Exercise instructions:
Set down every record below exactly as it stands, minus the pictures.

(Caption-style text data)

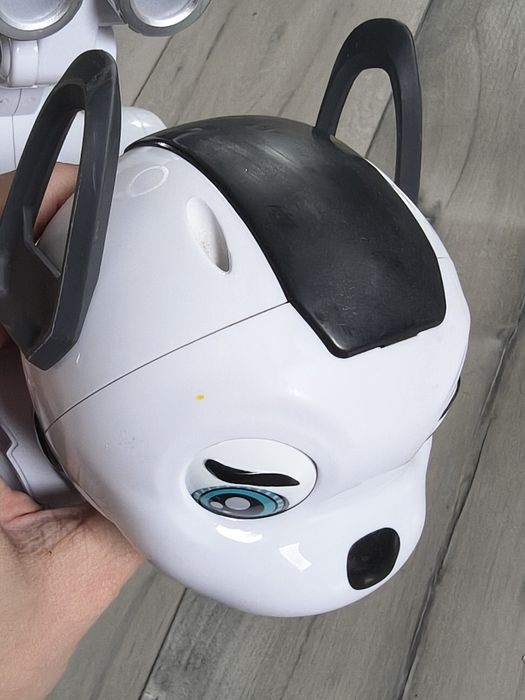 Robopies Cyber Pies jeździ rusza się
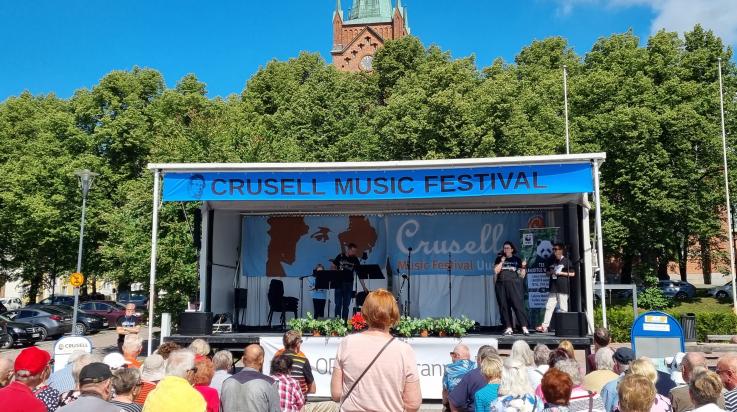 Päivän puhallus torilla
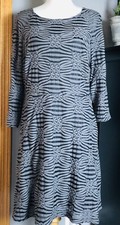 Dressbarn Women’s Casual Dress Sz 16 Gray Gathered Ruched Fabric Sheer Stretch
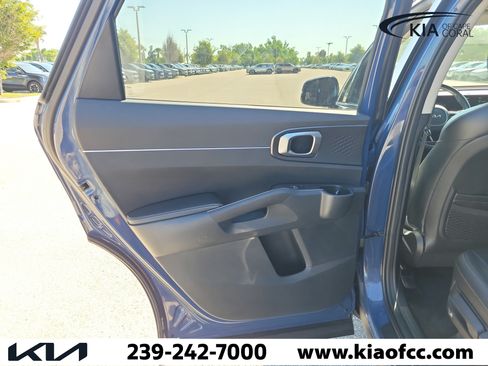 Certified 2024 Kia Sorento EX w/ Panoramic Sunroof Package FWD image 14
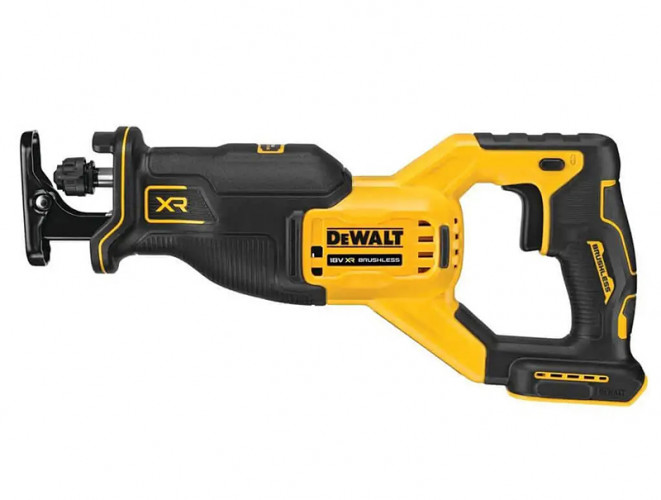 Аккумуляторная ножовка DeWALT DCS382N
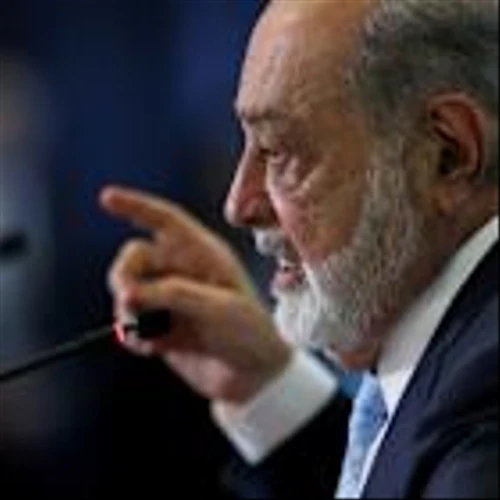 Exclusive-Mexican tycoon Slim eyes two of Pemex's key fields, gaining clout in energy sector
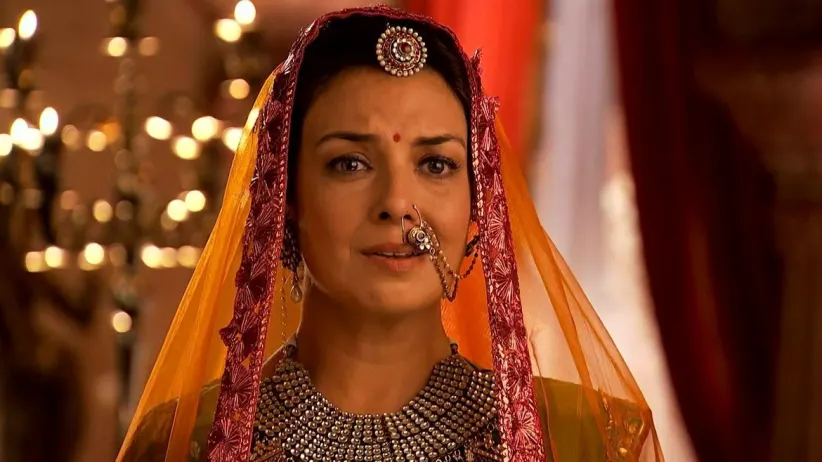 Maham Anga Saves Adham Khan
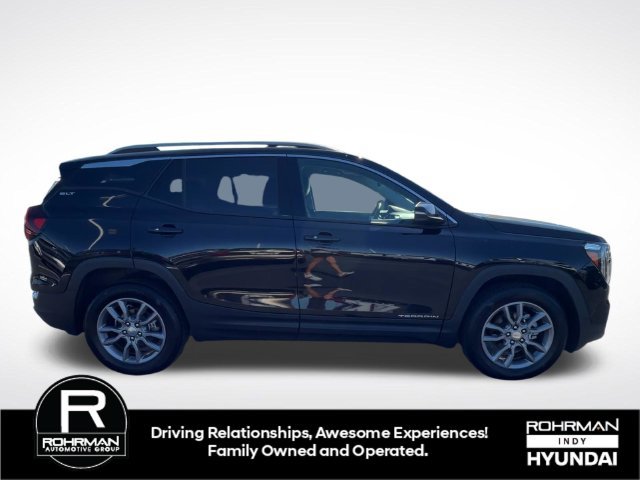 Used 2024 GMC Terrain SLT AWD/4WD image 10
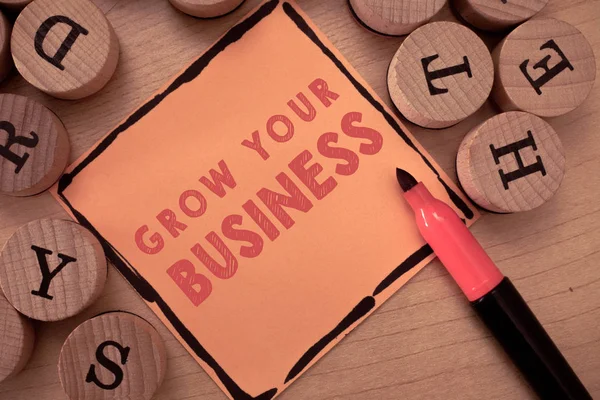 Signo de texto mostrando Haz crecer tu negocio. Foto conceptual Lograr un mayor beneficio Proporcionar un mejor retorno de la inversión —  Fotos de Stock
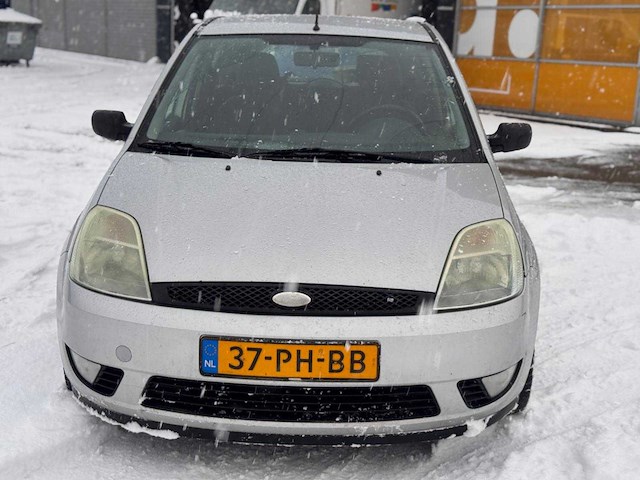 Ford fiesta 1.3 futura, 37-ph-bb - afbeelding 3 van  9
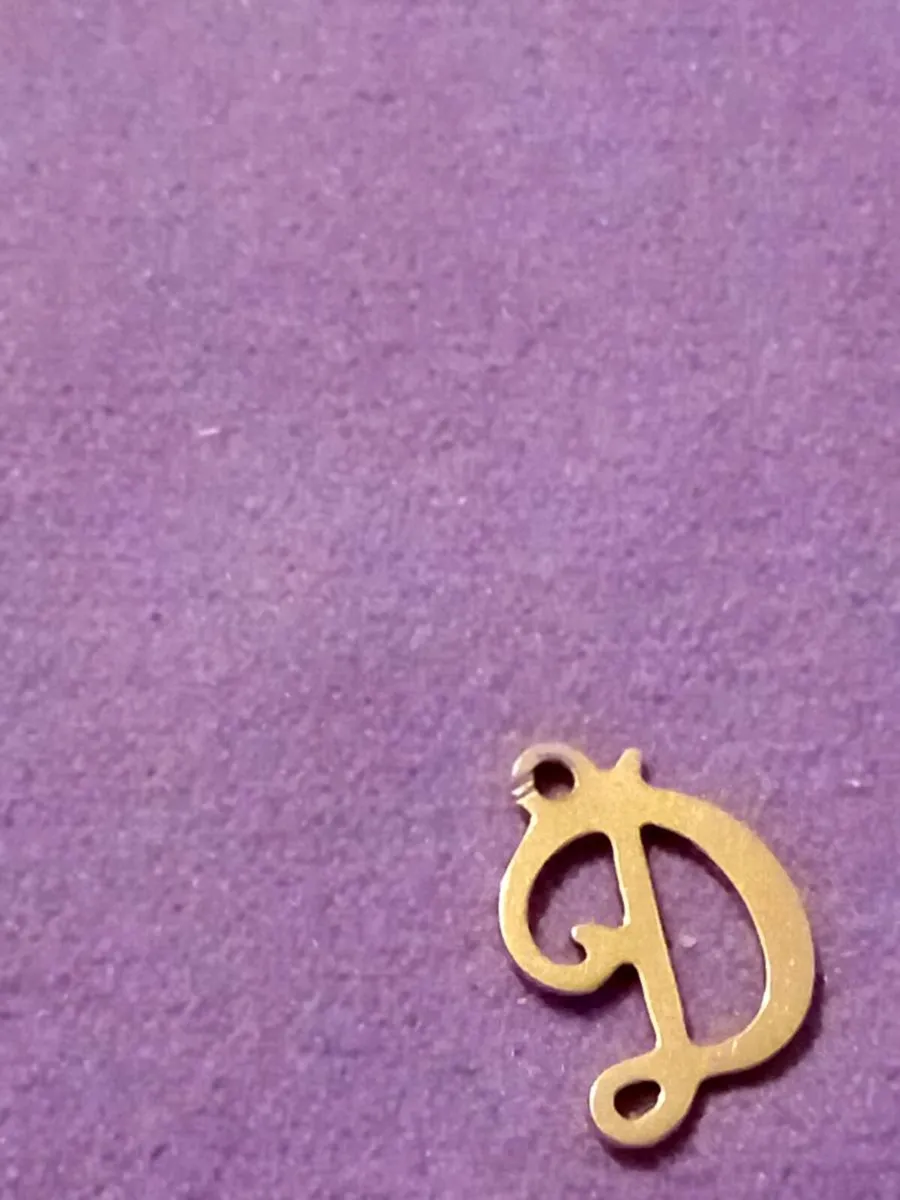 9ct gold D initial charm - Image 3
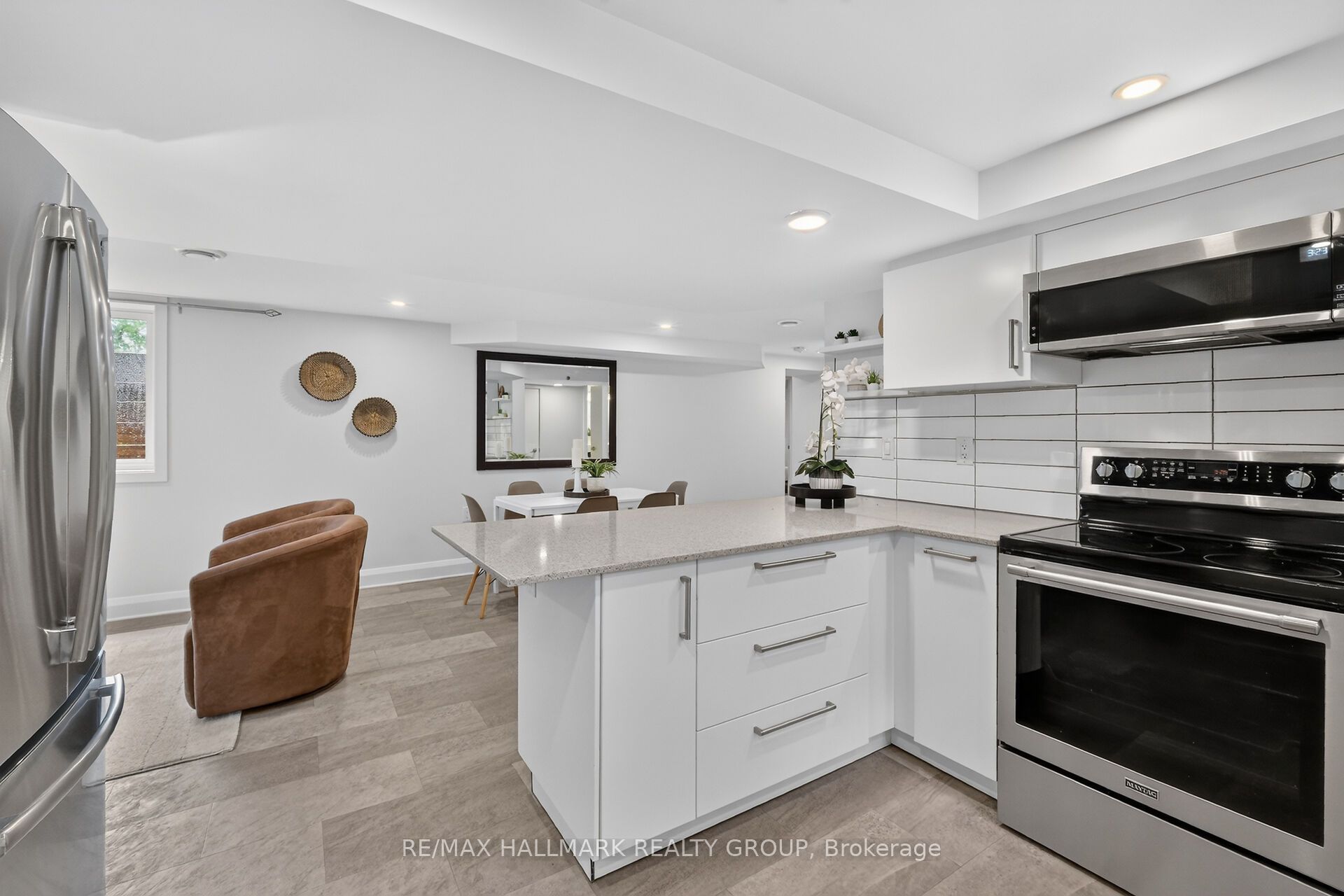 2160 Lambeth Walk Property Photo 30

Response for this exercise:
 Robopies Cyber Pies jeździ rusza się
 Päivän puhallus torilla
 Dressbarn Women’s Casual Dress Sz 16 Gray Gathered Ruched Fabric Sheer Stretch
 Certified 2024 Kia Sorento EX w/ Panoramic Sunroof Package FWD image 14
 Аккумуляторная ножовка DeWALT DCS382N
 Exclusive-Mexican tycoon Slim eyes two of Pemex's key fields, gaining clout in energy sector
 Maham Anga Saves Adham Khan
 Used 2024 GMC Terrain SLT AWD/4WD image 10
 Signo de texto mostrando Haz crecer tu negocio. Foto conceptual Lograr un mayor beneficio Proporcionar un mejor retorno de la inversión —  Fotos de Stock
 Ford fiesta 1.3 futura, 37-ph-bb - afbeelding 3 van  9
 9ct gold D initial charm - Image 3
 2160 Lambeth Walk Property Photo 30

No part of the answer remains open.